= Exercise =
Retype the lines from the one containing "Ford F-250 SD" through the last line of the entries below, exactly and in full, omitting every image.

= Given information =

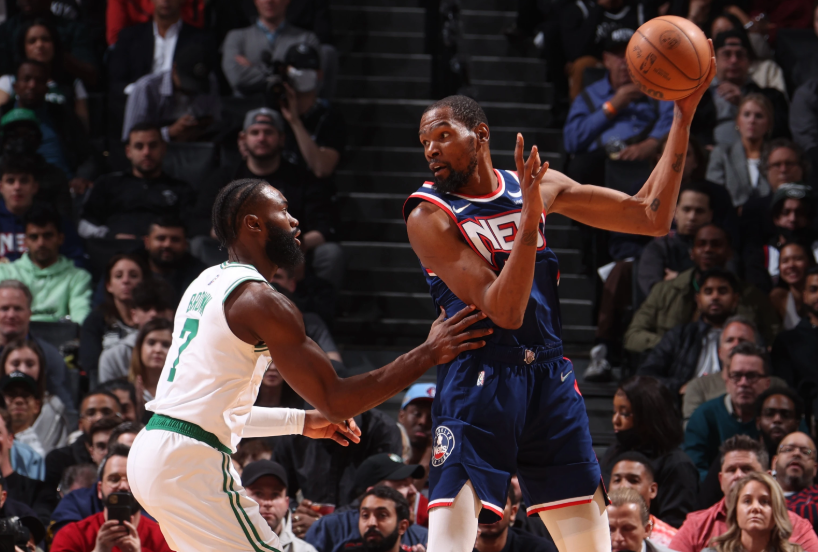 自称亚泰18岁后卫刘议阳女友的账号指控其恋爱期出轨、裸聊（网传自称亚泰18岁后卫刘议阳女友的账号发文，指其在恋爱期间出轨并涉裸聊）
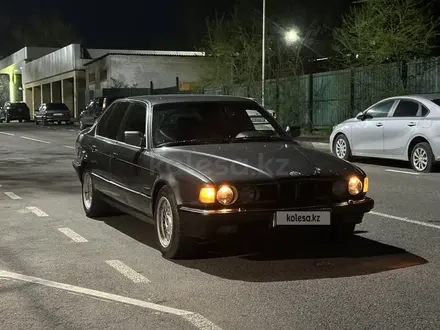 BMW 730 1990 года за 1 600 000 тг. в Алматы – фото 2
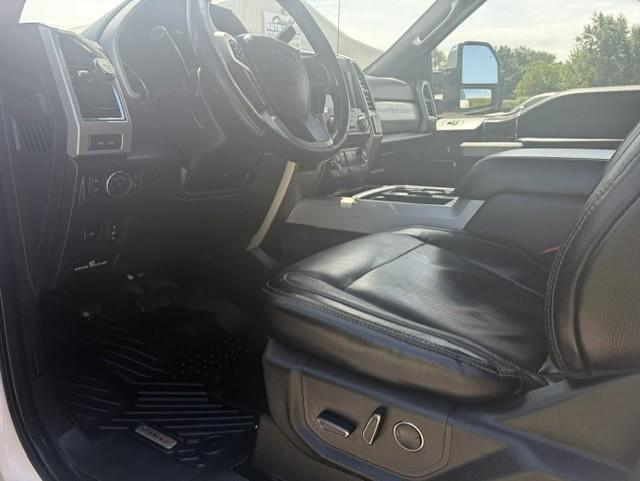 Ford F-250 SD Lariat Crew Cab Short Bed 4WD 2018
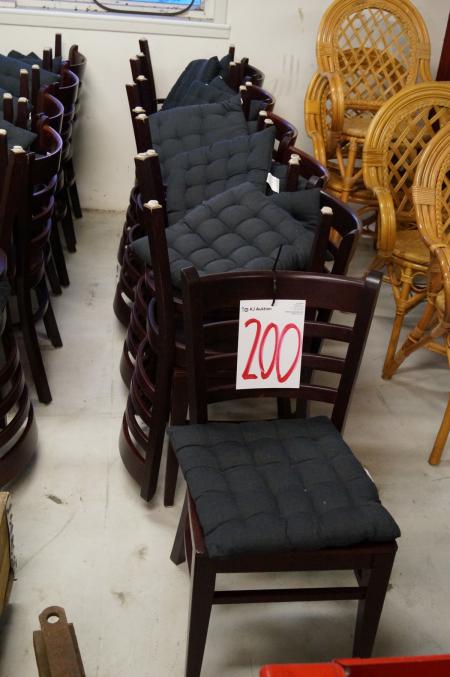 11 Stück Stühle mit Kissen.
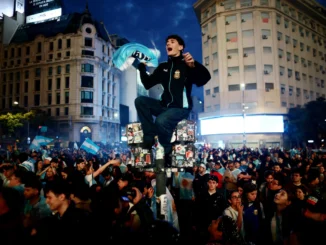 VIDEO Refularea argentinienilor după victoria contra Angliei: mesaje politice, un selecționer uimit, mass-media extaziată, fani în delir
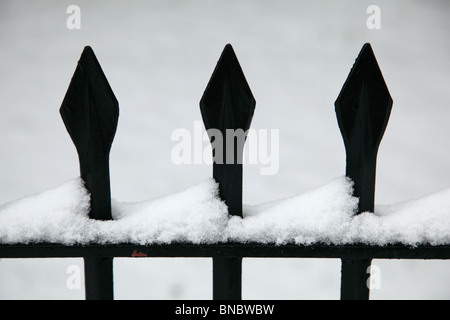 Ferro battuto recinzione picchi nella neve nel Palazzo di Kensington Garden, Hyde Park, Westminster, London, W2. Foto Stock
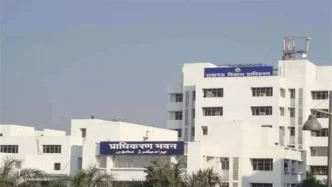 वॉयस ऑफ ए टू जेड न्यूज:- काकोरी में 60 बीघा में फैली छह अवैध प्लॉटिंग ध्वस्त, LDA के एक्शन से मचा हड़कंप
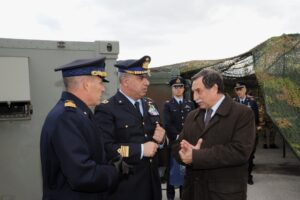 L'onorevole Domenico Rossi in visita presso il Comando Scuole / 3^ regione Aerea di Bari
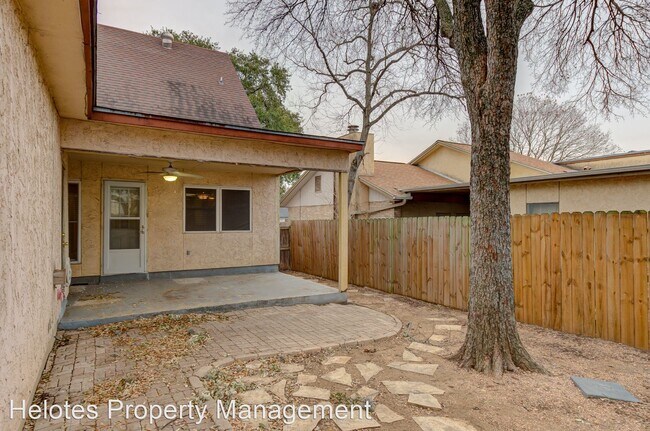 Building Photo - 4 br, 2 bath House - 13509 Dutch Myrtle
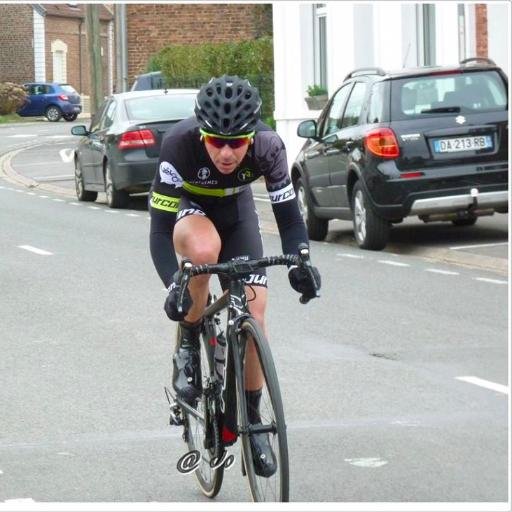 GordonsDidier's profile picture. Cyclisme team ECT fizik oakley santini Eafit prendre du plaisir sur le vélo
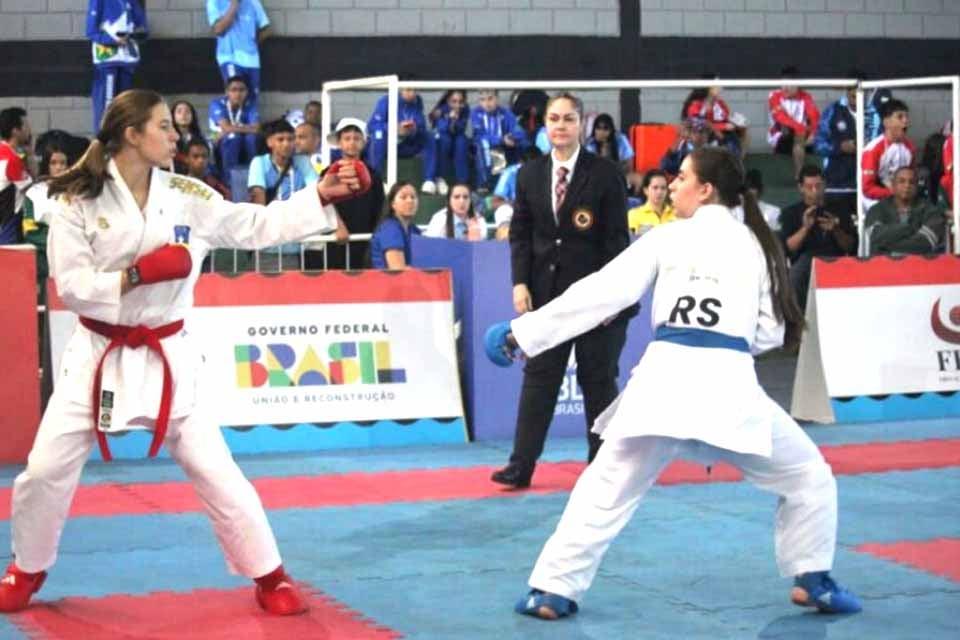 JEBS 2025 - Estudante de São Francisco do Guaporé conquista a medalha de Bronze no karatê, em Uberlândia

= Solution for this task =
 Ford F-250 SD Lariat Crew Cab Short Bed 4WD 2018
 11 Stück Stühle mit Kissen.
 VIDEO Refularea argentinienilor după victoria contra Angliei: mesaje politice, un selecționer uimit, mass-media extaziată, fani în delir
 Ferro battuto recinzione picchi nella neve nel Palazzo di Kensington Garden, Hyde Park, Westminster, London, W2. Foto Stock
 वॉयस ऑफ ए टू जेड न्यूज:- काकोरी में 60 बीघा में फैली छह अवैध प्लॉटिंग ध्वस्त, LDA के एक्शन से मचा हड़कंप
 L'onorevole Domenico Rossi in visita presso il Comando Scuole / 3^ regione Aerea di Bari
 Building Photo - 4 br, 2 bath House - 13509 Dutch Myrtle
 GordonsDidier's profile picture. Cyclisme team ECT fizik oakley santini Eafit prendre du plaisir sur le vélo
 JEBS 2025 - Estudante de São Francisco do Guaporé conquista a medalha de Bronze no karatê, em Uberlândia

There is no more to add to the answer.